In some regions the problem of stock outs of essential drugs and other inputs such as equipment and consumables continues due to the still existing monopolies of the RFHP, CENAME (especially in the Southern and Centre Region) as well as the monopolies created by churches and plantations.

  • Advocate at all levels to liberalize the pharmaceutical market and avoid any form of monopoly.
  • Harmonize the list of wholesale distributors accredited by the regional health authorities at national level by the Directorate of Pharmacies of the MOH and inform all health facilities on this list through the Regional Delegations of Public Health. This harmonization should facilitate that health facilities in the border areas between the regions also use the accredited distributors from neighboring regions.

There is progress with the recruitment of qualified staff in the PBF health facilities, but especially in remote areas the coverage of qualified personnel remains insufficient.

  • Continue with the recruitment of qualified personnel with the aim to reach 1 qualified staff per 1000 habitants for the primary level as well as for the hospital level ;
  • Increase the PBF budget to stimulate the recruitment of qualified contract workers in the health facilities in rural and disadvantaged areas.
  1. Civil Administration- BUNEC
  • The financing of the civil administration offices in Cameroon is insufficient, in particular because the Law prescribes that these services should be free of charge
  • This results in lack of staff motivation and high costs for the population through the generally accepted informal payments for the birth certificates, etc.
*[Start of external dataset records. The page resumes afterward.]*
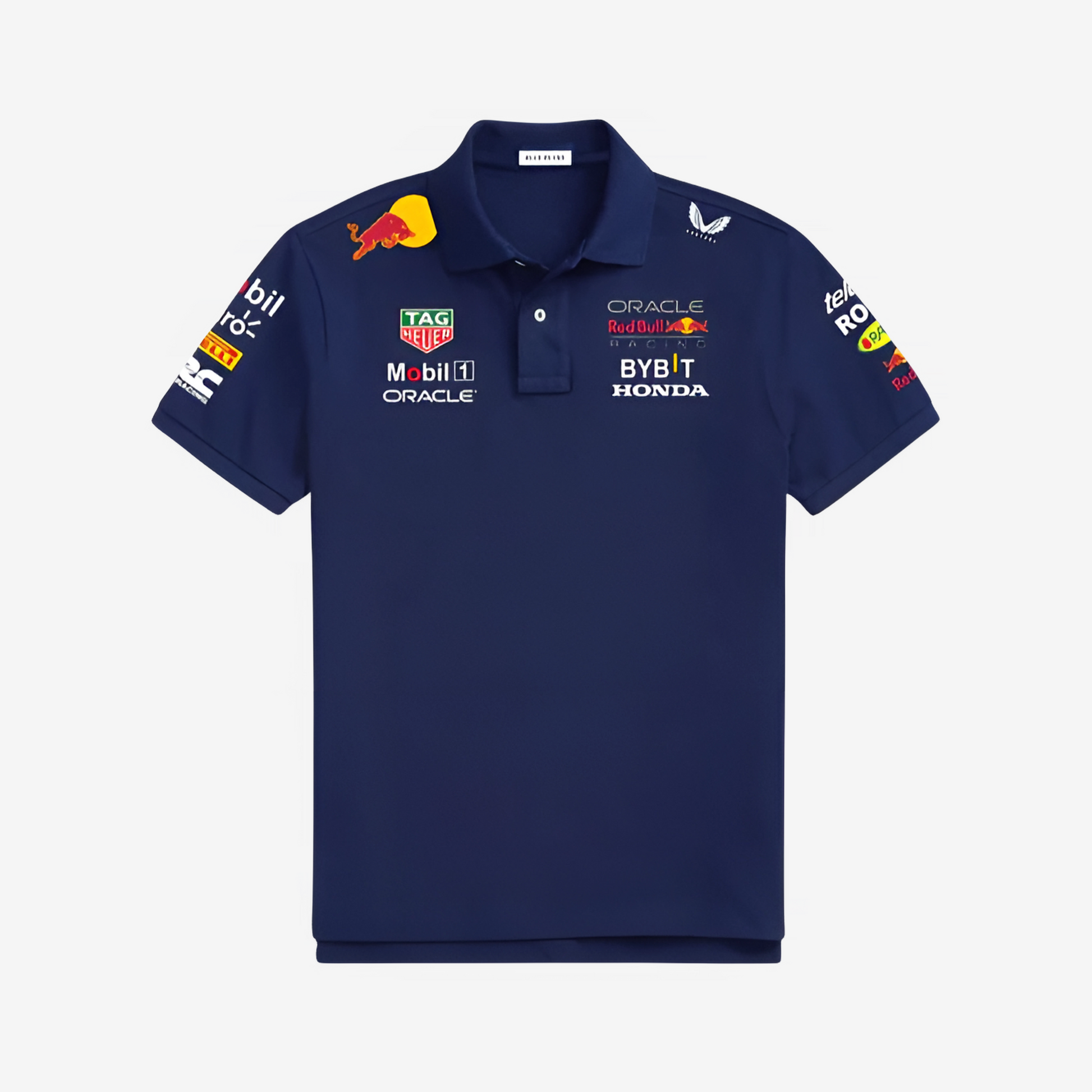 "Red Bull retro polo shirt in navy blue featuring embroidered branding for F1 racing fans"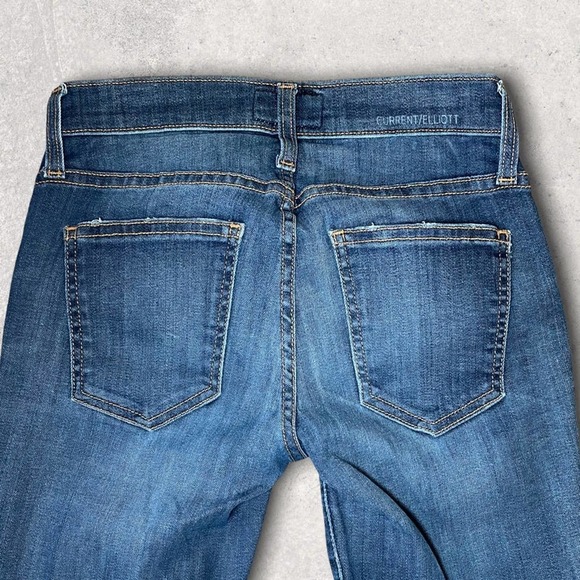 CURRENT ELLIOT DISTRESSED MEDIUM WASH SKINNY DENIM JEAN - 24 - Picture 5 of 10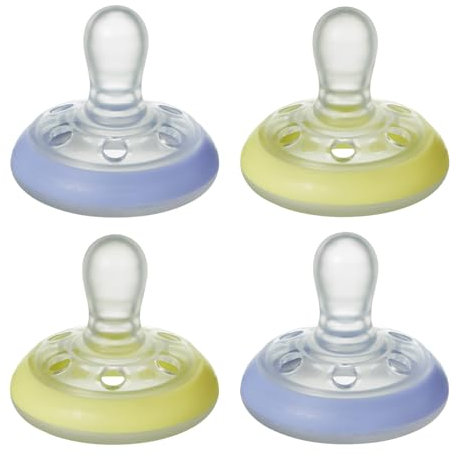 Tommee Tippee Closer to Nature natürlich geformter Beruhigungssauger für die Nacht, 0-6 Monate, 4er-Pack, gelb und blau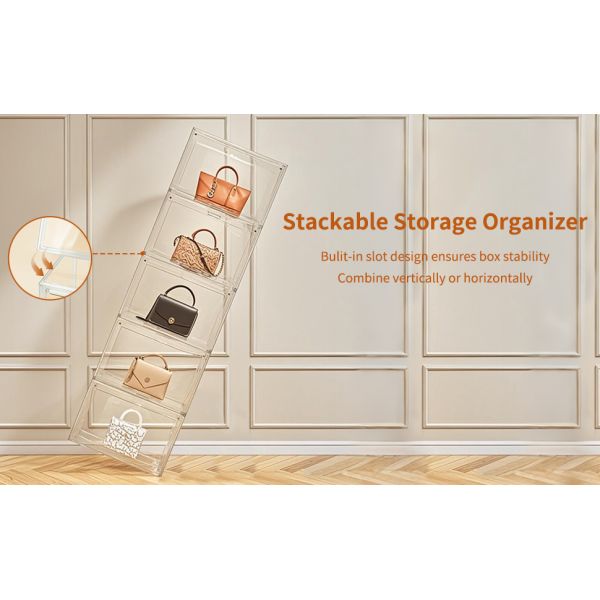 Clear Acrylic Display Case With Magnetic Lid-Dustproof Plastic Book Storage Box,Clear Box,Purse Storage Organizer,Action Figure Display Case,Acrylic Sneaker Shoe Box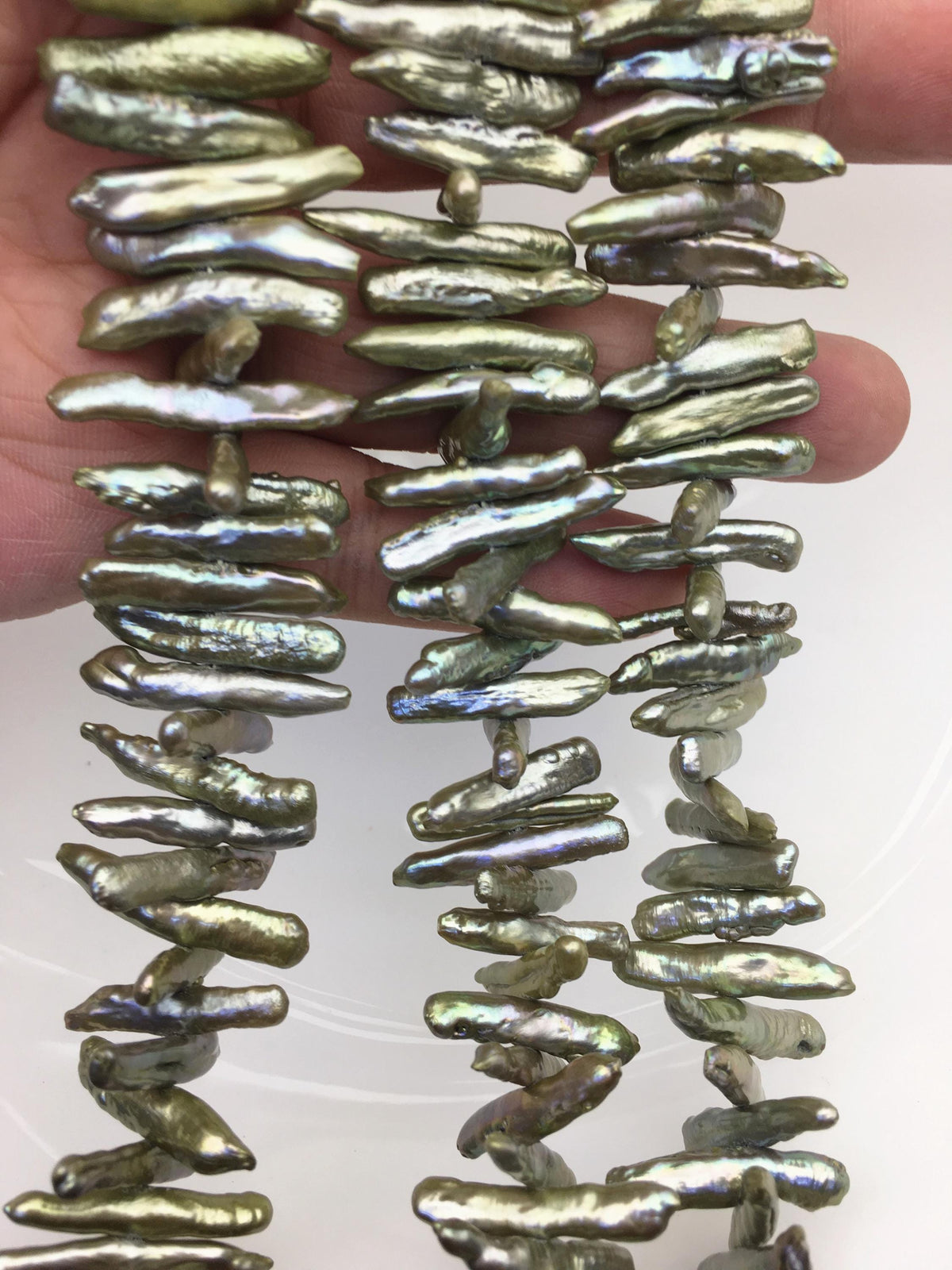 AA+ 4-6mm green Biwa Pearl Necklace,Genuine Fresh Water Pearl,Wedding Necklace,Mothers Day,ZS-80-10-35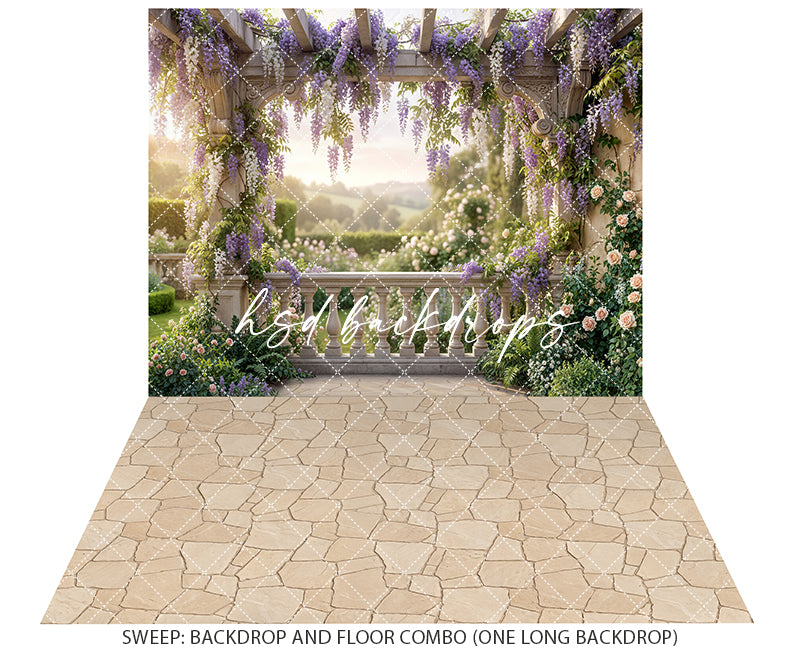 Hsd Backdrops Wisteria Garden Pergola – Romantic Floral Backdrop | HSD Backdrops ...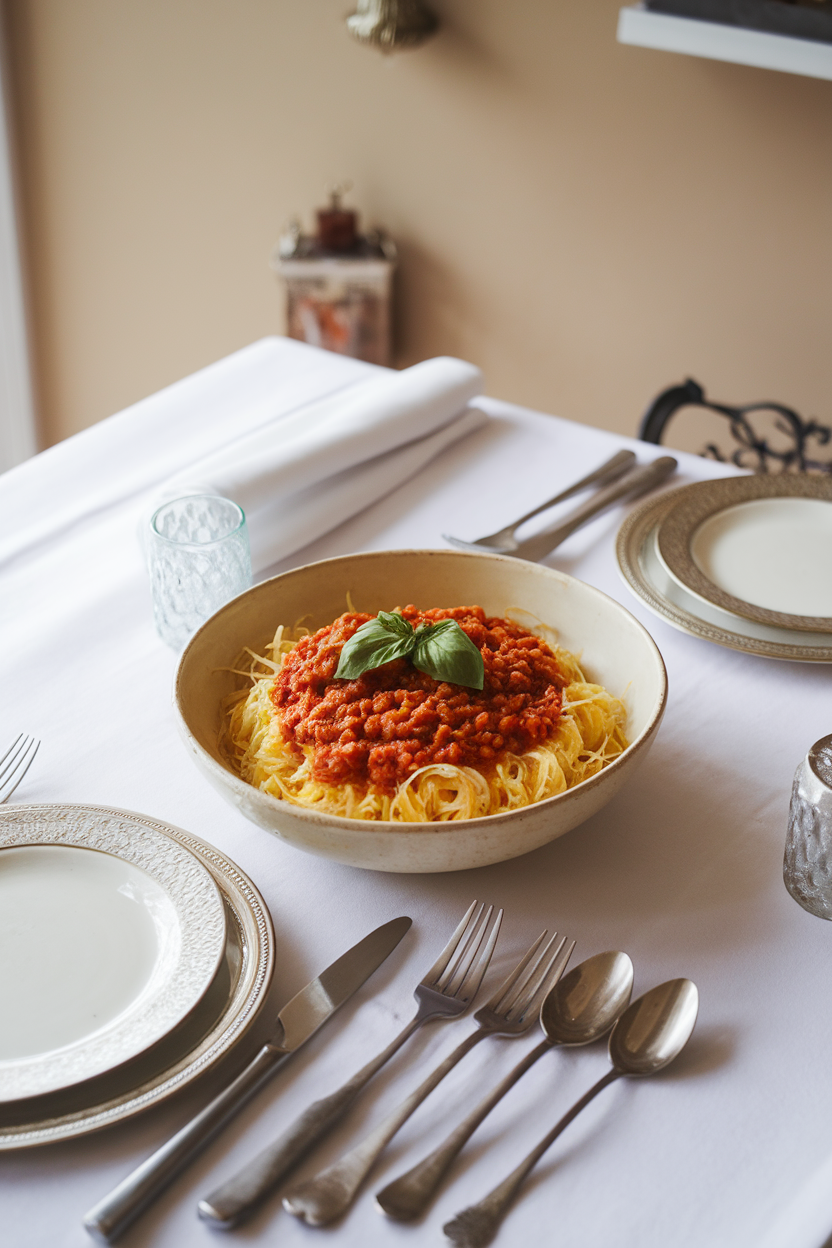 An indoor dining table featuring spaghetti squash strands topped with chunky lentil marinara sauce, sprinkled with basil. No text or logos.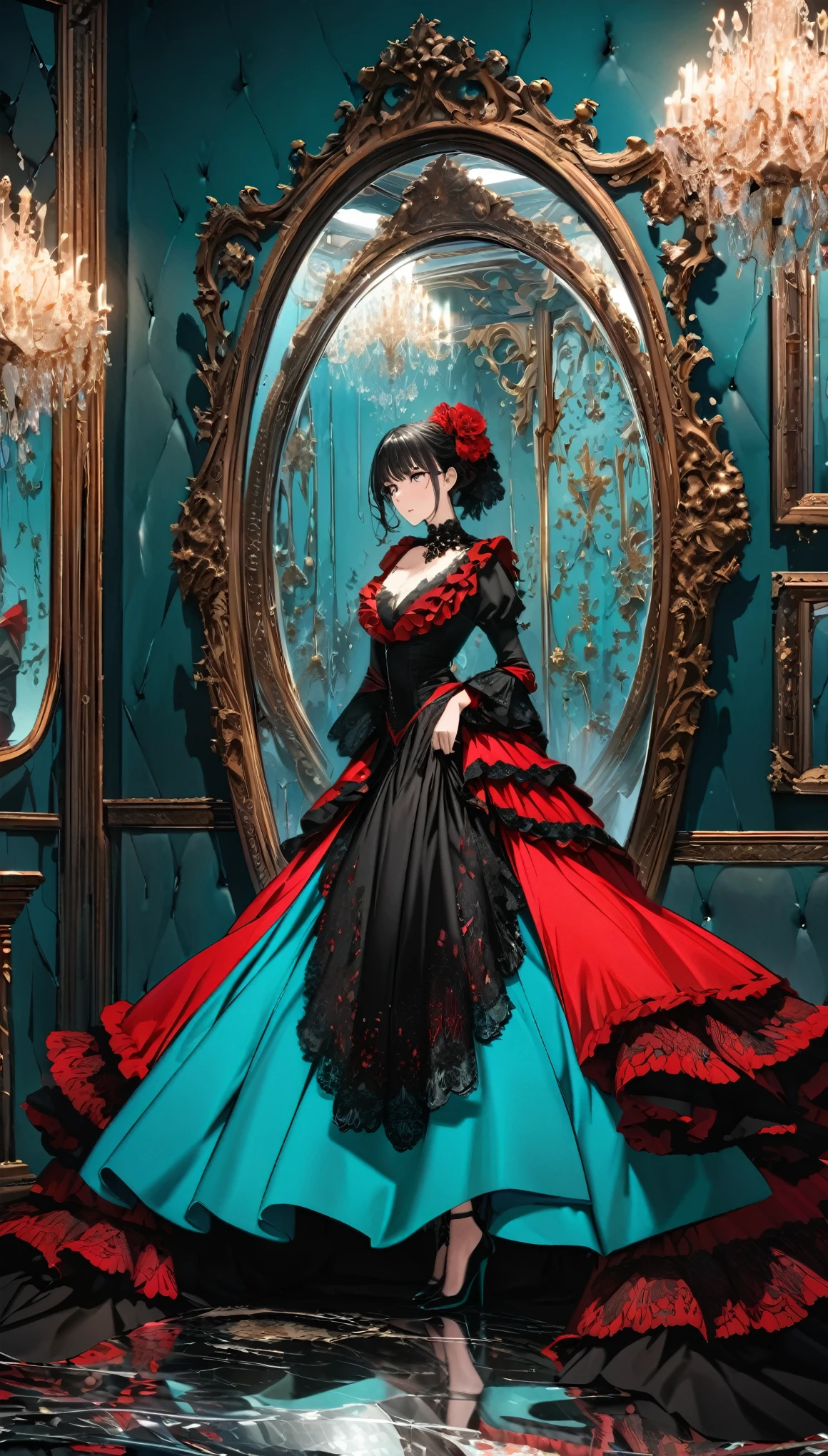best quality, super fine, 16k, incredibly absurdres, extremely detailed, delicate and bold, a work of art, A beautiful woman wearing a red and black flamenco costume is reflected in a cracked mirror that radiates out from the center of the mirror, Tiffany blue plaster design room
It also leads to the poor quality of the services offered by the unpaid civil administration officers.
  1. Regional and district level
  • The PBF course secretariat

    Increase the PBF budget for the regional and district health authorities by continuing to replace old earmarked funds (or “cartons”). The authorities should focus in particular on the accreditation of pharmacies and health facilities as well as the mapping and rationalization of health areas, training activities, and organizing action research.

  • Transfer the budget for action research related to PBF budget from the CDV Agencies towards the regional health authorities
  • Consider the creation, at the regional level, of a committee to supervise and monitor the PBF activities ;
  • Put under performance contract the Services of the Governors involved in the elaboration of the regulatory acts for the procedures to provide funds for the health facilities, once the Regional Financial Controller has prepared the Act. This must be done with great speed in order to respect the deadlines set for the successful settlement of payment procedures.